Thousands of women across Latin America on Wednesday took to the streets to demand an end to sexual harassment and violence in a region where crime against women is rife and often steeped in traditional culture.
“March 8: If you stop a woman, you stop the world,” said a banner at a rally in Montevideo that attracted tens of thousands of protesters marking International Women’s Day.
The gathering extended 1.5km along 18 de Julio Avenue, with demonstrators calling for an end to violence against women and equal rights.
Photo: AP
“Sorry to bother, but we’re being killed,” a handwritten message on a cardboard placard said.
Every 30 hours, a woman in Argentina is killed by her male partner or ex-partner.
“Enough already! We want each other alive,” read signs in purple lettering waved by the thousands who jammed the Plaza de Mayo in front of Argentina’s presidential palace.
Photo: AFP
Purple is the symbol of the movement against gender-based violence.

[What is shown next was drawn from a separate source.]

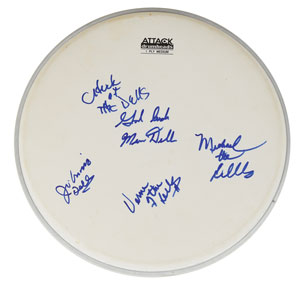 Lot #7475 The Dells Signed Drum Head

Demonstrators were mostly dressed in black to signify mourning.
Violence against women is part of long-held traditions in many of South America’s Andean nations and is also pervasive in countries such as Argentina and Uruguay.
Even in better-off cities across the region, women who go to police stations bruised and battered to report domestic violence are told to go home and make up.
Half of the 25 countries with the largest number of women killed are in Latin America, according to UN Women, a body that supports gender equality and the empowerment of women.
In Mexico City, thousands of women filled the vast Paseo de la Reforma.
“We don’t want flowers. We want rights,” they chanted. “Being a woman should not be a risk factor.”
Mexican women say they are constantly beset by unwanted sexual talk on the streets and often groped by strangers.
The region’s only current female national leader, Chilean President Michele Bachelet, said on Twitter that “we renew our commitment to more rights, opportunities and an end to violence.”
Brazilian President Michel Temer sparked a media firestorm on International Women’s Day, saying that women are really good at food shopping, price tracking and budgeting.
Temer then said that if children grew up successfully, it was because they were raised right at home.
“And certainly, that isn’t done by the man. It’s the woman,” Temer said.
People took to Twitter to criticize the politician.
“Somebody tell Temer that we are in the 21st century now,” one netizen said.